Given information.
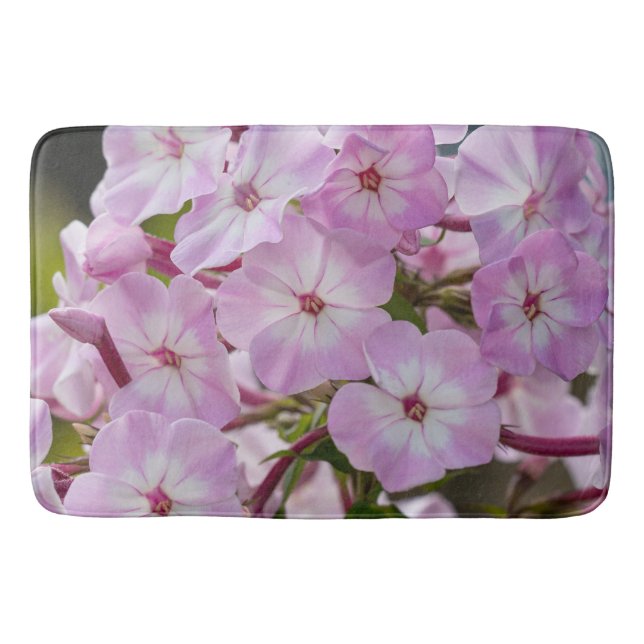 Floral Pink Phlox Fotografie Badematte (Vorderseite)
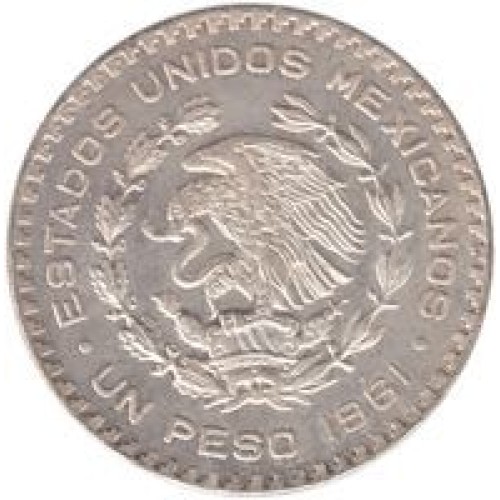 1961 Mexico 1 Peso Coin Ring Size 10.5
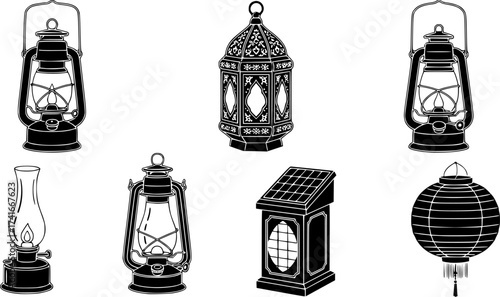 Set of lantern vector icon
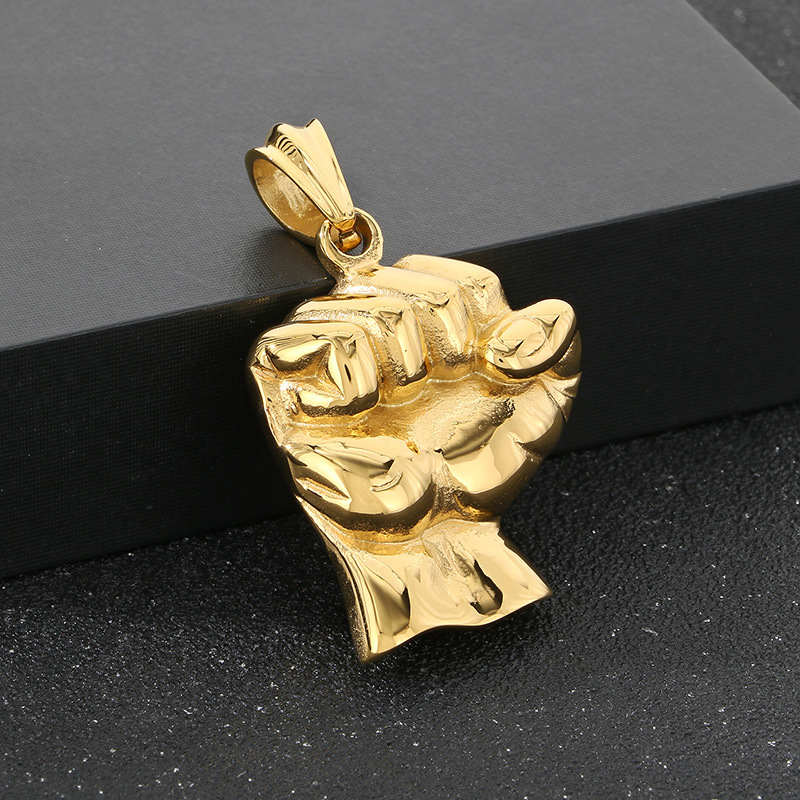 Retro Fitness Fist Pendant Necklace Stainless Steel Gold Plated Mens SportsJewelry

What you will do. Pictures aside, transcribe exactly the lines from the line containing "Set of lantern vector icon" through the final line of the material above.

Response below.
 Set of lantern vector icon
 Retro Fitness Fist Pendant Necklace Stainless Steel Gold Plated Mens SportsJewelry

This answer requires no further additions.